A minor caveat of the generalized Lorenz curve is, that it loses most of its function as a visualization tool in situations where c is much smaller than n. If, for example, n = 20c, the line of maximal equality reaches its 100 percent ceiling already at 5 percent. If this is the case (see, for example, the crime concentration percentages of specific crime types in Sherman et al. 1989) the area between the Lorenz curve and the line of maximal equality becomes very thin and will be difficult to see. The generalized Gini coefficient, however, remains useful as an overall quantification measure. A possible solution to such situations could be to simply rescale the x-axis, so that the maximum equals c/n rather than 1. This solution makes it easier to derive percentage statements from the graph, but makes comparisons difficult because they require common scales on the axes.

The measures of crime concentration at places that we propose in this article are primarily meant to facilitate testing Weisburd’s law of crime concentration at places. They may also help practitioners better understand crime concentrations: when there are more places than crimes, the adjusted Lorenz curve and Gini coefficient help to separate the volume of crime from the relative concentration of crime across units. However, we realize that practitioners usually are interested in the volume of crime: ‘hotspots’ guide police resource allocation as it helps them allocate manpower to where and when it is needed most. In operational decisions, plain numbers of crimes potentially prevented or solved are more informative and more useful than relative measures, because the latter standardize on potential targets and thus hide differences in the volume of crime.

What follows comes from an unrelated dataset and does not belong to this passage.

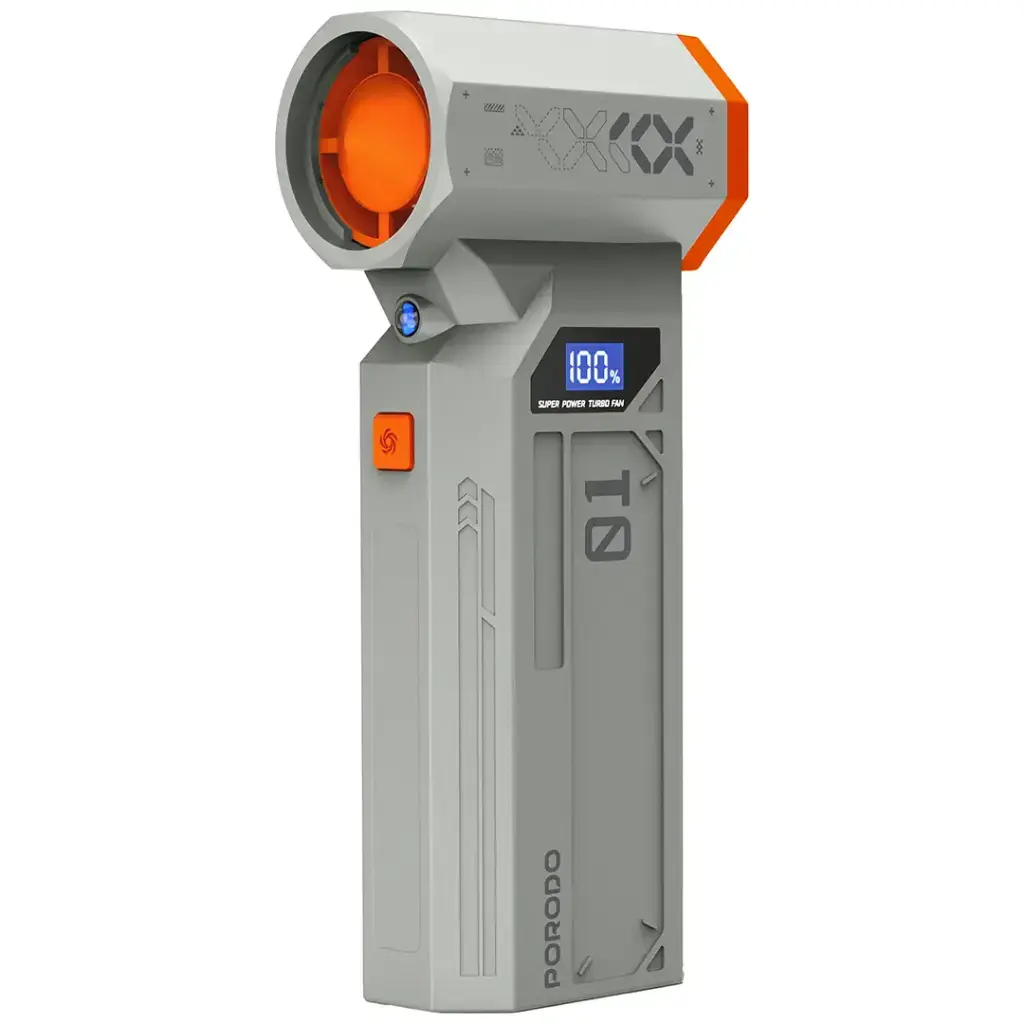 Porodo Rushjet Cordless Turbo Speed Dust Blower 5200 mAh,150W With 120000 RPM - Gold/Orange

In conclusion, we suggest that using the generalized Lorenz visualization and Gini calculation could prevent the law of crime concentration from being incorrectly falsified or corroborated. To emphasize this point, we suggest the law could be reformulated as follows:

For a defined measure of crime at a specific micro-geographic unit, the observed concentration of crime, relative to its concentration under maximally possible dispersion, will fall within a narrow bandwidth of percentages for a defined cumulative percentage of crime.